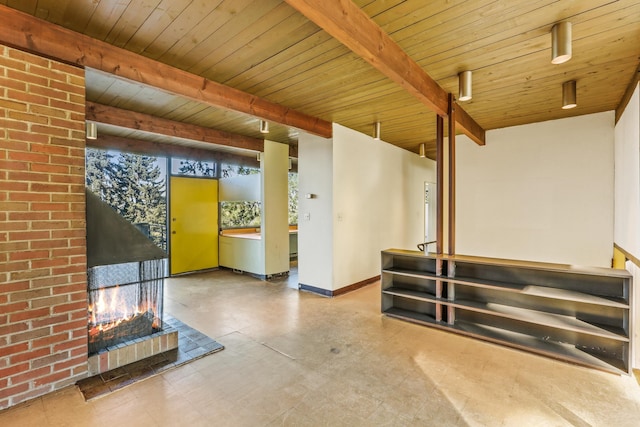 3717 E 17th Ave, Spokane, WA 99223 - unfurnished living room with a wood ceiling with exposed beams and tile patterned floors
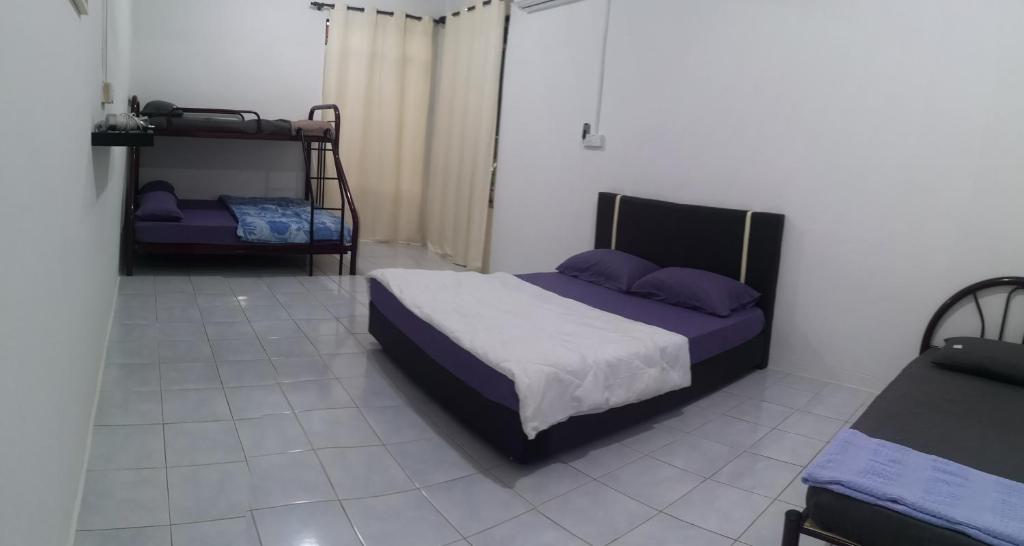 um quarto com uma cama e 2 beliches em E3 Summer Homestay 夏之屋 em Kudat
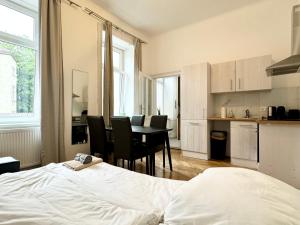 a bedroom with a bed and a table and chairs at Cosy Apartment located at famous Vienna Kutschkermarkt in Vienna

- - - - -

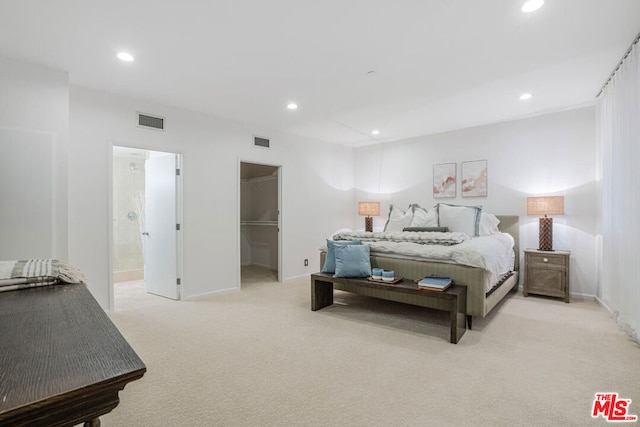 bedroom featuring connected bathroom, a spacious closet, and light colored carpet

- - - - -

[Exercise description] Of all the material above, only the lines from the one that has "3717 E 17th" down to the one that has "a bedroom with" are to be written out, exactly and with both ends included. Pictures are skipped.

[Exercise answer]
 3717 E 17th Ave, Spokane, WA 99223 - unfurnished living room with a wood ceiling with exposed beams and tile patterned floors
 um quarto com uma cama e 2 beliches em E3 Summer Homestay 夏之屋 em Kudat
 a bedroom with a bed and a table and chairs at Cosy Apartment located at famous Vienna Kutschkermarkt in Vienna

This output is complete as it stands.